Comparing the court to a sports team, the Cincinnati Enquirer announced the “U.S. 6th Circuit Court of Appeals on 0-15 losing streak,” reporting that the Supreme Court has now reversed fifteen cases in a row from the Sixth Circuit. The article calls this a “poor showing,” but cannot find any pattern in the cases. In death penalty cases, the Sixth Circuit affirmed execution in two, but in three it held execution improper. The Supreme Court reversed each time. Though the circuit’s "liberal" judges were more likely to be reversed, the article reports that “almost all of the appeals court’s 15 active judges were on the wrong side of at least one overturned decision.” This blog has covered many of these cases, see here, here, and here. Unable to figure out if the losing streak is meaningful, the article quotes Judge Martin's comment that “I don’t think you can read anything into it.”

It is hard to see how the 0-15 record is a meaningful indicator of the Sixth Circuit's jurisprudence: the Supreme Court reviews only about one in a thousand of the 4,400 appeals before in the Sixth Circuit each year. Other statistics, collected by the judiciary, are more significant. For example, reversal rates (reflecting the quality of the guidance given to district courts) place the Sixth Circuit at the average among the circuits with a 16% overall reversal rate. Unfortunately, the Sixth Circuit is well below average on the time it takes to decide appeals. Nationally, appeals are decided in 11.7 months, but the Sixth Circuit currently takes around 15.5 months – only better than the Ninth Circuit’s 16.3 months. The other circuits average around 10 months. Some scholars also look at productivity to measure the circuits, including the number of signed opinions per judge. By that standard, the Sixth Circuit’s 51 signed opinions per judge is very close to the national average of 55.

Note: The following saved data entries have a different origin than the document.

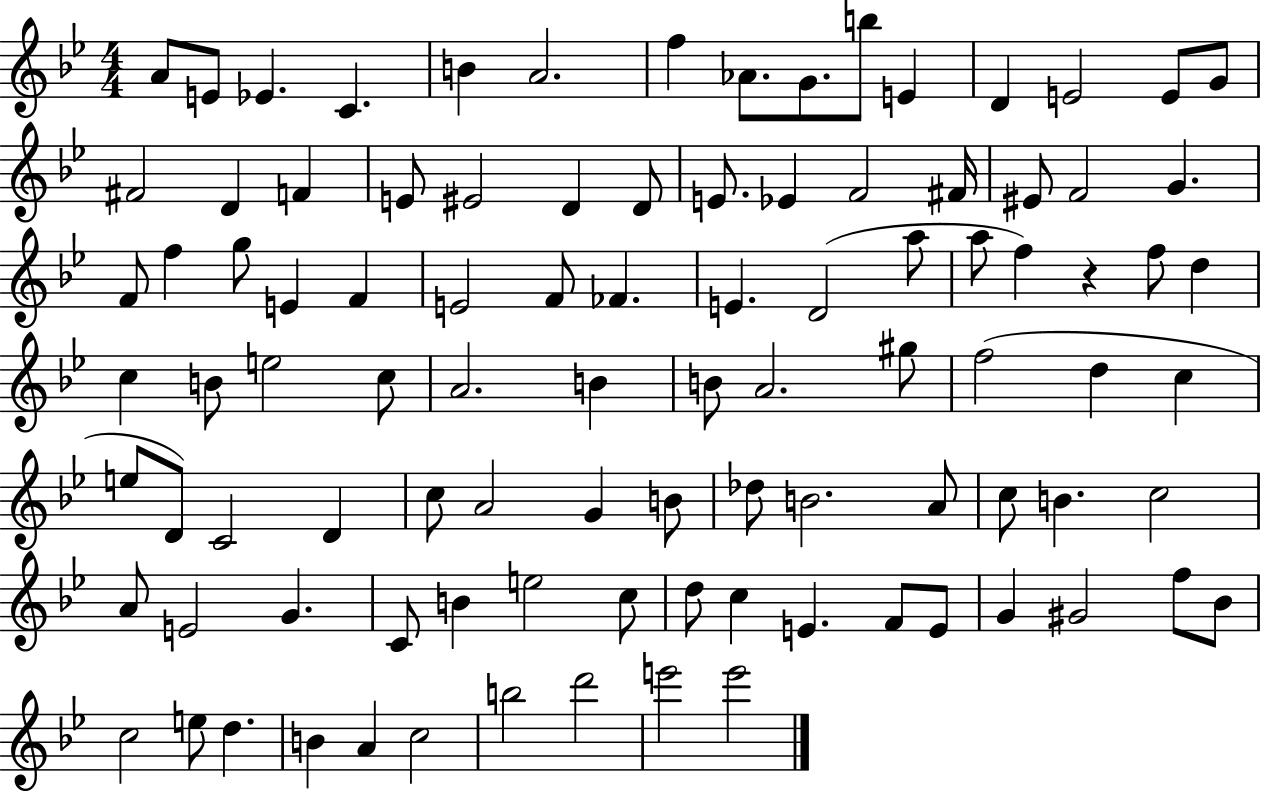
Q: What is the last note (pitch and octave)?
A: E6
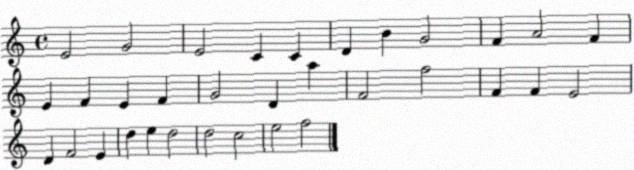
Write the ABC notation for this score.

X:1
T:Untitled
M:4/4
L:1/4
K:C
E2 G2 E2 C C D B G2 F A2 F E F E F G2 D a F2 f2 F F E2 D F2 E d e d2 d2 c2 e2 f2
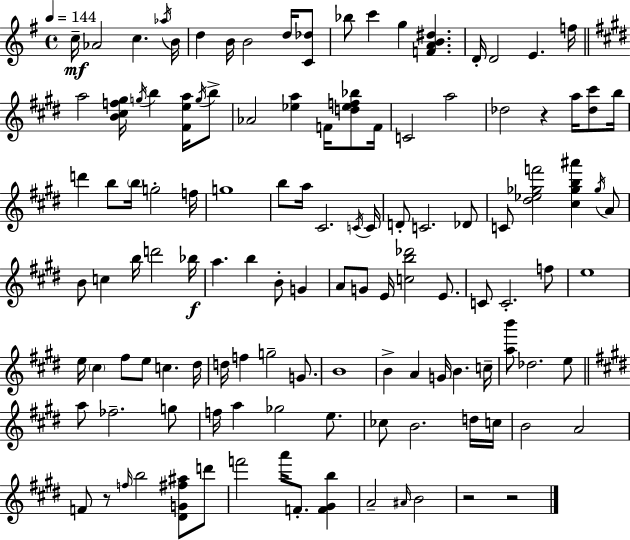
{
  \clef treble
  \time 4/4
  \defaultTimeSignature
  \key e \minor
  \tempo 4 = 144
  c''16--\mf aes'2 c''4. \acciaccatura { aes''16 } | b'16 d''4 b'16 b'2 d''16 <c' des''>8 | bes''8 c'''4 g''4 <f' a' b' dis''>4. | d'16-. d'2 e'4. | \break f''16 \bar "||" \break \key e \major a''2 <b' cis'' f'' gis''>16 \acciaccatura { g''16 } b''4 <fis' e'' a''>16 \acciaccatura { g''16 } | b''8-> aes'2 <ees'' a''>4 f'16 <d'' ees'' f'' bes''>8 | f'16 c'2 a''2 | des''2 r4 a''16 <des'' cis'''>8 | \break b''16 d'''4 b''8 \parenthesize b''16 g''2-. | f''16 g''1 | b''8 a''16 cis'2. | \acciaccatura { c'16 } c'16 d'8-. c'2. | \break des'8 c'8 <dis'' ees'' ges'' f'''>2 <cis'' ges'' b'' ais'''>4 | \acciaccatura { ges''16 } a'8 b'8 c''4 b''16 d'''2 | bes''16\f a''4. b''4 b'8-. | g'4 a'8 g'8 e'16 <c'' b'' des'''>2 | \break e'8. c'8 c'2.-. | f''8 e''1 | e''16 \parenthesize cis''4 fis''8 e''8 c''4. | dis''16 d''16 f''4 g''2-- | \break g'8. b'1 | b'4-> a'4 g'16 b'4. | c''16-- <a'' b'''>8 des''2. | e''8 \bar "||" \break \key e \major a''8 fes''2.-- g''8 | f''16 a''4 ges''2 e''8. | ces''8 b'2. d''16 c''16 | b'2 a'2 | \break f'8 r8 \grace { f''16 } b''2 <dis' g' fis'' ais''>8 d'''8 | f'''2 a'''16 f'8.-. <f' gis' b''>4 | a'2-- \grace { ais'16 } b'2 | r2 r2 | \break \bar "|."
}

Like other legal commentators, the article speculates that the reversal rate is attributable to certain disagreements between judges that have been well-publicized. But it is hard to see any link between that and the circuit's apparent inability to predict how the Supreme Court will decide on a close question. At this point, it seems unlikely that the “losing” streak is anything but a statistical anomaly.